In the middle of the grocery store one night, Maddy reappears out of nowhere, taking him somewhere that is highly reminiscent of The Bang Bang Club from Twin Peaks: The Return. To be sure, the vibe Schoenbrun ends up going for is “Nickelodeon if David Lynch were the sole programmer, director and writer” (which rather suits the retroactive taintedness of the network considering Quiet on Set: The Dark Side of Kids’ TV). It is in this strange, on-the-fringes-of-town venue that Sloppy Jane and Phoebe Bridgers perform “Claw Machine,” perfecting what Schoenbrun was going for with the soundtrack: curating “the greatest 90s mixtape that didn’t exist yet.” With the help of Sloppy Jane featuring Bridgers, along with artists like Caroline Polachek and yeule, Schoenbrun gets pretty close. And, of course, she gets more than close to nailing the style and feeling of the 90s-era Nickelodeon TV shows that so many millennials grew up with. This also extends to fare like Clarissa Explains It All and The Secret World of Alex Mack. In the case of all these shows, the thing that made them so special to kids of the time was that they tapped into the feeling of how separate the adult world felt from the world of kids and young adults. Or how separate someone “othered” can feel from the “normal” world.
In describing a forthcoming book series she’s writing, Schoenbrun makes it sound like the crux of I Saw the TV Glow when she says, “…it’s about transition, becoming, and truly closing that gap between self and screen until you feel like you’re approximating some form of real life.” Maybe, for some, that might take an entire lifetime, but as the film reminds in childlike, chalk-drawn script, “There is still time.” If you don’t squander it.
Beyond the trans allegory, Schoenbrun crystallizes the understated yet glaring disappointment that comes with adulthood. And reckoning that the magic you once saw as a child can no longer be seen or experienced as an adult. Hence, even further into Owen’s adulthood, he narrates, while watching a show that doesn’t square with his memory of it, “I started The Pink Opaque again. And it was nothing like I remembered it.
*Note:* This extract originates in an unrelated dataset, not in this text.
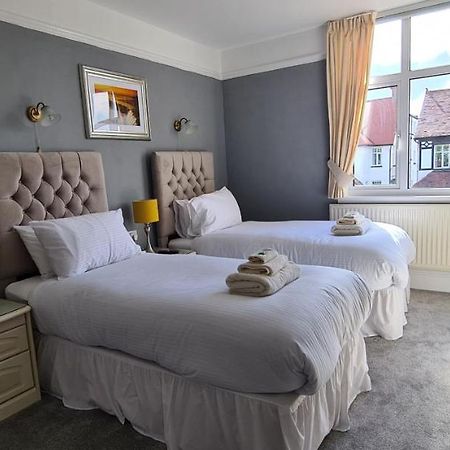 חלנדודנו Sunnycroft Private Hotel מראה חיצוני תמונה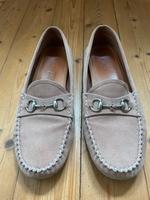 Gucci Loafers,  Wildleder rosa, Größe 39 Nordrhein-Westfalen - Gütersloh Vorschau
The whole thing felt cheesy, and cheap. Dated, and not scary at all.” Of course, that’s not the case with The Adventures of Pete & Pete, which still holds up. Especially for the millennials it was made for. Indeed, while some have called I Saw the TV Glow a “Gen Z Donnie Darko,” everything about it feels catered to the millennial sense of nostalgia, and loss. Loss of a time when things were tangible, and not so complicated.
What’s more, where I Saw the TV Glow has to go twenty-eight years back in time to find the sinister in the pure, Donnie Darko need only go back thirteen years, from 2001 (when it was actually released) to the Dukakis-Bush election year of 1988, in order to find the retroactive sinisterness that was already so clearly there while living through it—Irangate, anyone? To boot, it seems pointed that both movies are certain to play up that it’s an election year, the political always infecting the personal.
As for the disintegration of magic as one gets older, at the same time, there was once a veneer of “magic” (or perhaps denial) over everything—before the curtain was fully pulled back around the post-Empire 00s (though baby boomers will say it was pulled back with ‘Nam, and the 60s in general). In this regard, it’s no wonder so many people want to keep revisiting the “old” TV shows they used to watch as children. No matter how dated or cheesy they might seem. Because, sometimes, it’s important to remember the last time you felt comforted by the familiar. Even if, with that familiar comfort, comes the associated memory of total alienation.